Unter Präsident Ronald Reagan bekamen US-Bürger japanischer Herkunft, die während des Zweiten Weltkriegs interniert waren, eine Entschädigung: 20.000 Dollar pro Person.
Eine Einigung auf Wiedergutmachung für rund 250 Jahre Sklavenhaltung plus 90 Jahre Rassentrennung, plus 60 Jahre Benachteiligung ist dagegen bis heute unerreicht.
Auch Obama zögerte
Autor und Journalist Ta-Nehisi Coates stieß die Diskussion vor fünf Jahren neu an, mit seinem Artikel "The Case for Reparations" in der Zeitschrift Atlantic.
"Die Idee, Reparationen zu zahlen macht uns nicht nur Angst weil wir denken, wir haben vielleicht nicht genug Geld dafür. Es steht mehr auf dem Spiel: Amerikas Kulturerbe, Geschichte und Ansehen in der Welt."
Selbst US-Präsident Barack Obama blieb skeptisch. Er argumentierte noch im Jahr 2016, Sklavenhaltung habe Schaden angerichtet und Wunden geschaffen, die durch Geld nicht ausgeglichen werden können. Besser sei es, Folgen wie Armut, schlechtere Gesundheitsversorgung und höhere Gefängnisstrafen direkt anzugehen.

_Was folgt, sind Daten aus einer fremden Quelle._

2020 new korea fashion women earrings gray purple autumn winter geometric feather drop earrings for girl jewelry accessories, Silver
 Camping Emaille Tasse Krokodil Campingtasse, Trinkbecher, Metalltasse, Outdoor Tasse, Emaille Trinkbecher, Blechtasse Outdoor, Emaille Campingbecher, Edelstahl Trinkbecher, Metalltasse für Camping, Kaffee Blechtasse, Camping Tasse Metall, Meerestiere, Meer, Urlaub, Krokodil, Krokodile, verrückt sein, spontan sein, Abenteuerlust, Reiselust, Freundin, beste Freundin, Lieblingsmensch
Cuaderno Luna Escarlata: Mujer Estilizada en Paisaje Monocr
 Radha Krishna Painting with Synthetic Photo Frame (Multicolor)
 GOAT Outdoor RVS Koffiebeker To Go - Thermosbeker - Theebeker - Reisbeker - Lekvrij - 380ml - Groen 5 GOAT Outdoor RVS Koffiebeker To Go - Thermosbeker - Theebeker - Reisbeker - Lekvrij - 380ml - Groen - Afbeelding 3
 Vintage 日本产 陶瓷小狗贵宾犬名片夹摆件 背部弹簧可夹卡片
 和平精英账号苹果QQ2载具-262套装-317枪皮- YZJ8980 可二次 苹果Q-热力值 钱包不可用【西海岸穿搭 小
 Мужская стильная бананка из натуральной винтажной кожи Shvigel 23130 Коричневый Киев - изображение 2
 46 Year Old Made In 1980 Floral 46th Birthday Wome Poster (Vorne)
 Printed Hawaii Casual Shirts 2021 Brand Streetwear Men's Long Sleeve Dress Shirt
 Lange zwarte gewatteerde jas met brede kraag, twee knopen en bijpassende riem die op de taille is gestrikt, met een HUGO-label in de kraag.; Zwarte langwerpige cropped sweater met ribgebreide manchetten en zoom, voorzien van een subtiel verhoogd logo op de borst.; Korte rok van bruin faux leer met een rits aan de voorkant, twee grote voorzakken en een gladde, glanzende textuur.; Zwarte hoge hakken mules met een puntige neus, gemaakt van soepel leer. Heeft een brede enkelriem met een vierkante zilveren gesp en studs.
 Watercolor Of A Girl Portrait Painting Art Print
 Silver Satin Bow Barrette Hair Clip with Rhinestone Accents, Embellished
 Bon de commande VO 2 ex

Doch die Stimmung im Land hat sich geändert.
Erstmals eine Anhörung im US-Abgeordnetenhaus
Studenten der Georgetown University in Washington DC stimmten im April dieses Jahres dafür, Nachfahren von Sklaven zu entschädigen, die 1838 von der Universität verkauft wurden. Bezahlt werden sollte das, so die Studierenden, aus erhöhten Studiengebühren. Die Leitung der Hochschule debattiert derzeit noch, wie diese Forderung umgesetzt werden soll.
Am 19. Juni hielt das US-Abgeordnetenhaus erstmals eine Anhörung zum Thema Reparationen. Niemand ist darüber mehr überrascht als Ta-Nehisi Coates:
"Ich bin schockiert, dass wir heute noch darüber reden", und weiter: "Ich bin schlecht in Prognosen und weiß nicht wie es nun weiter geht. Ich versuche meine Erwartungen nicht zu hoch anzusetzen und nicht zu niedrig. Ich gehe davon aus, dass dieser Kampf noch Generationen beschäftigen wird."
Den Kongress beschäftigt er seit mehr als einer Generation.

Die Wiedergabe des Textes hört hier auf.